The Welsh rain was coming in sideways and my tent and most of my kit was soaked through. Not a great start. I decided to pitch both tents that I bought and used one as a kit tent and the other for sleeping (ha ha!). This at least let me organise my space well enough so that I knew where everything was. The skies were pitch black for the 10pm briefing and walking down with all mandatory kit to what we would know as the ‘Parade Ground’ (A large circle in the sand marked with thick battling rope), you could tell we were in for something special. The atmosphere was electric. We lined up around the circle for the briefing in our number order which we were given on registration on large red bibs, and were promptly told that this was the only way we would be known for the duration of the event. No more names and punishment for anyone using names. I am now #79 and all JD Staff and Volunteers would only be referred to as ‘Staff’.
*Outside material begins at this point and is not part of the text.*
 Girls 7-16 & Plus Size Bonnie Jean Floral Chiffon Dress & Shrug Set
We went through mandatory kit checks in several formats culminating in our food being put in black bin liners, and us burying it in the sand. Once buried, we were then made to crawl over the area so that there were no markings for any of us that could identify where our food was. For someone who is used to consuming a lot of calories on a standard day, this did not bode well. We were sent back to get some sleep before a 6am start. But of course, if you really believed that, you would believe anything.
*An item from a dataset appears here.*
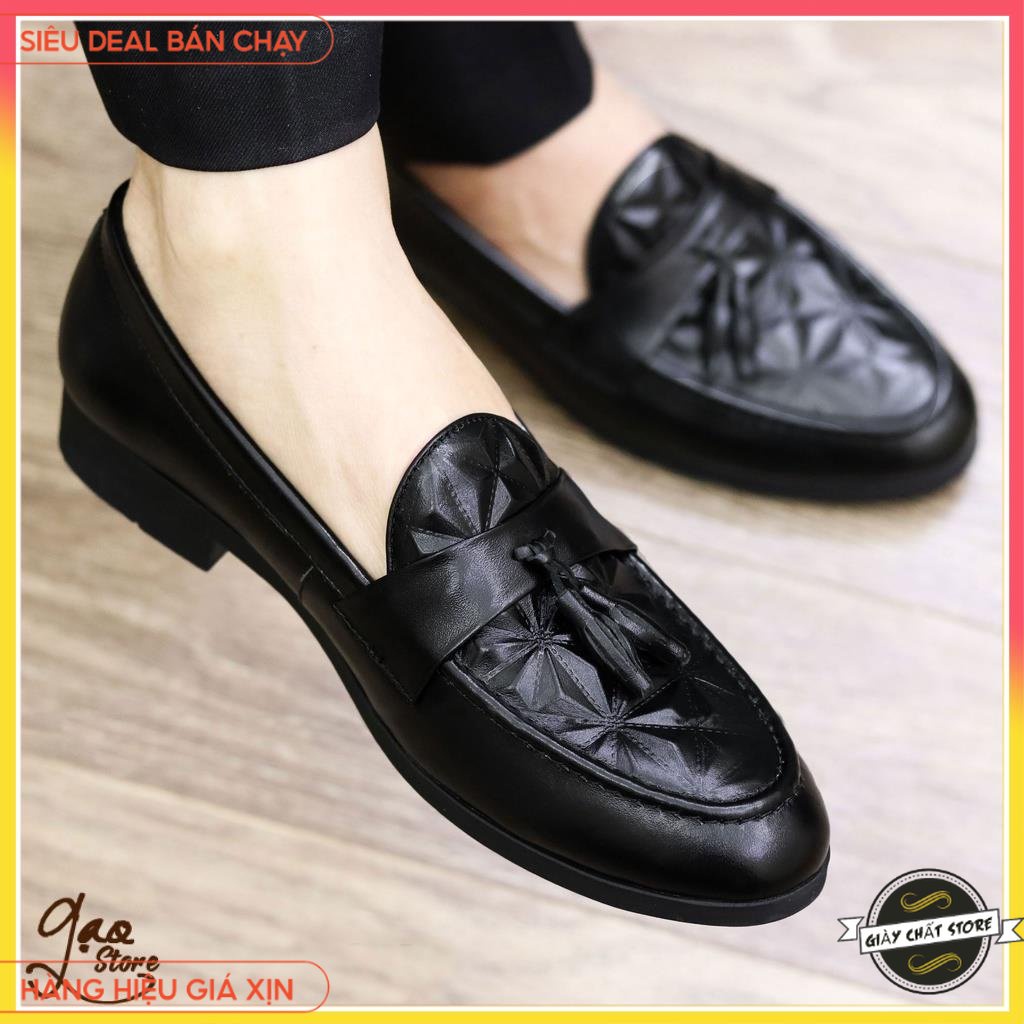 Giày Lười Nam[ Siêu Sale ] Da Lì Vân 3D Có Chuông- Mã G012 chuông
Sure enough, 2am came and the flash-bang grenades went off, music played and Staff shouting at us to get to The Parade Ground through megaphones within 2 minutes. What followed was a short beasting (Extreme physical exercise) session at the parade ground and then off for a ~2 mile trail run to the shore via head torch. Just before we set off, Staff made an example of one number who decided to adorn his bib with something other than his number. I won’t name names, but then addition of #MKRUCKLEY to a bib had us all doing more exercise, except him. The rules were being set, and examples being made of those who stepped out of line. The run was the first real opportunity for most of us to experience the terrain where we would be spending the next day and a half and there is simply only one word for it: Sand. Sand, sand, sand. All of the trails leading our of the parade ground were sand, right to the beach with dunes and hills of varying sizes leading to the beach. Sand drains your energy and tests your calves and Achilles at the best of times and was sure that this would be causing a few aches and pains by the end of the weekend. When we got to the shore, we obviously got in and got wet, with various exercises and sprints completed in the sea before heading back. We were given rules of communication and teamwork throughout and we started to learn very quickly that we needed to look out for each other as much as ourselves by not only following the rules, but looking out for anyone struggling and spurring them on.
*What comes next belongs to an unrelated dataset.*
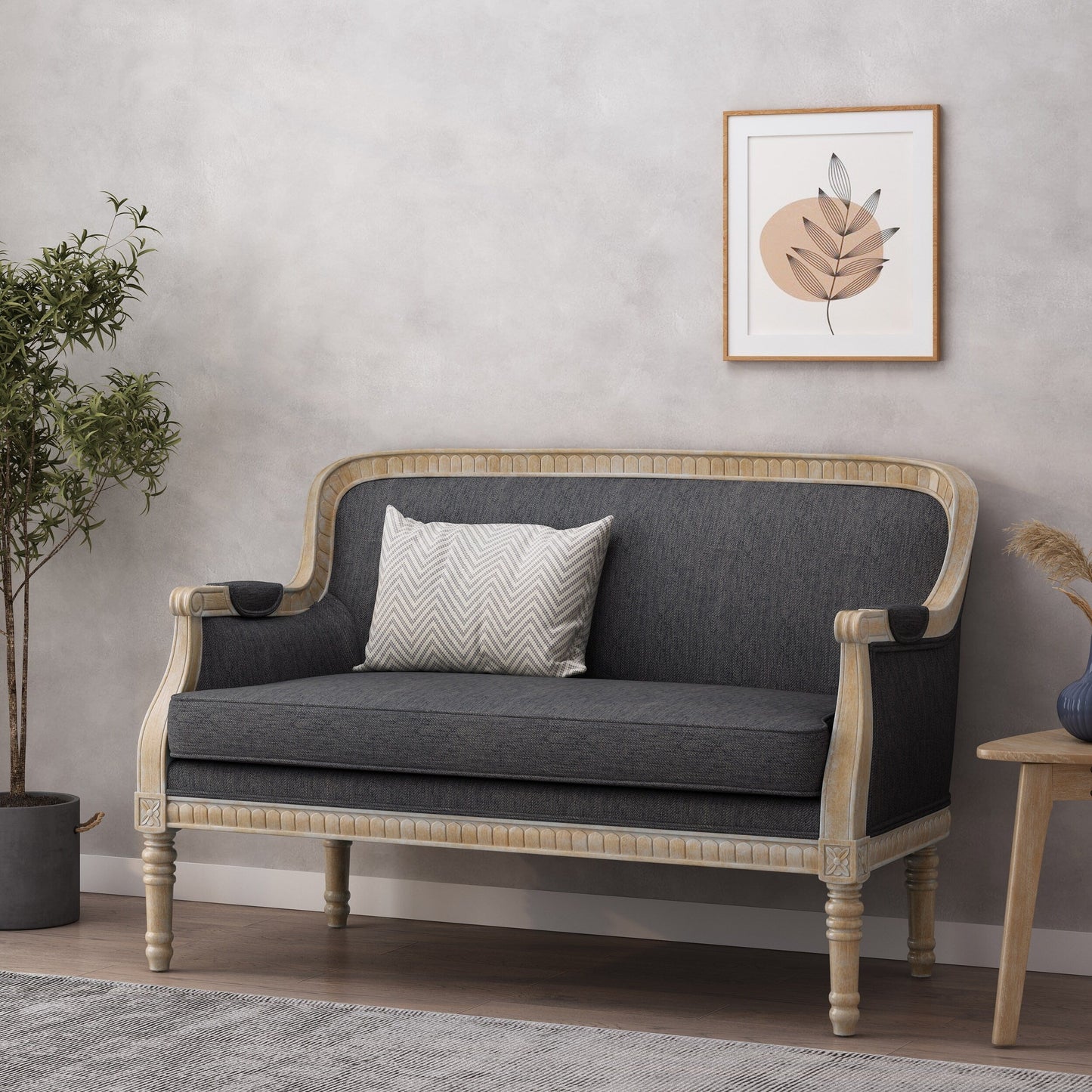 Wood Loveseat Sofa with Rubber Wood Frame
We got back to our tents at around 0320 and at 0330 we were up again for another quick beasting. This pretty much set the tone for the weekend. Have an open mind and be ready at a minutes’ notice to train, and train hard.
I couldn’t sleep after the second beasting, still high on adrenaline, so when my 0520 alarm went off I had plenty of time for admin before being ready on The Parade Ground. We headed back over the trails to a JD flag on the top on a high sand hill a few hundred meters from the beach, designated checkpoint one. From here we were shown another four checkpoints and instructed to memorise them well as they would be integral to the weekend both individually and as teams. We headed back for another beasting and were then sent to an almighty sand hill (affectionately known as ‘Claire’). Claire Hill was a few hundred meters of pure sand and we were informed that we would be hitting the summit some 70 times in the next few hours, making a rough estimate of 22,000m of assent.
We dug in as we were asked to rep the hill in various formats; Sometimes as teams altogether helping each other up, sometimes the stronger runners while then others held squat position at the bottom, sometimes carrying objects as a group. This hill was relentless and the fact that it was pure sand made it all the tougher. We finished by running up it backwards and then hot-dog rolling down it. I was pretty quick on the descent but managed to go all over the place and made a trail like a pinball. When I reached the bottom, I can honestly say I’ve never been so dizzy. I was all over the place and couldn’t work out who was talking to me or what direction they were coming from. The heavens opened as we finished up which was a pretty common theme on the Saturday: The training was tough, and the small bit of downtime that we had was spent trying to dry kit out while not getting more wet.
‘Claire Hill’ from the bottom. Squat position held whilst others completed a hill rep
On return to basecamp, we were told to dig up our food. I was lucky to locate mine pretty quickly and began to fuel up and change for the next session. Again another common theme throughout the weekend was that you could get more admin time when you completed things faster. It took some people a long time to find their food and they therefore only had a few minutes to be able to change, fill up water bottles, eat, etc. Before heading back out I checked the time. It felt like it should have been 2pm. In reality, it was just past 10am. My heart sunk a bit. This was going to be a long weekend!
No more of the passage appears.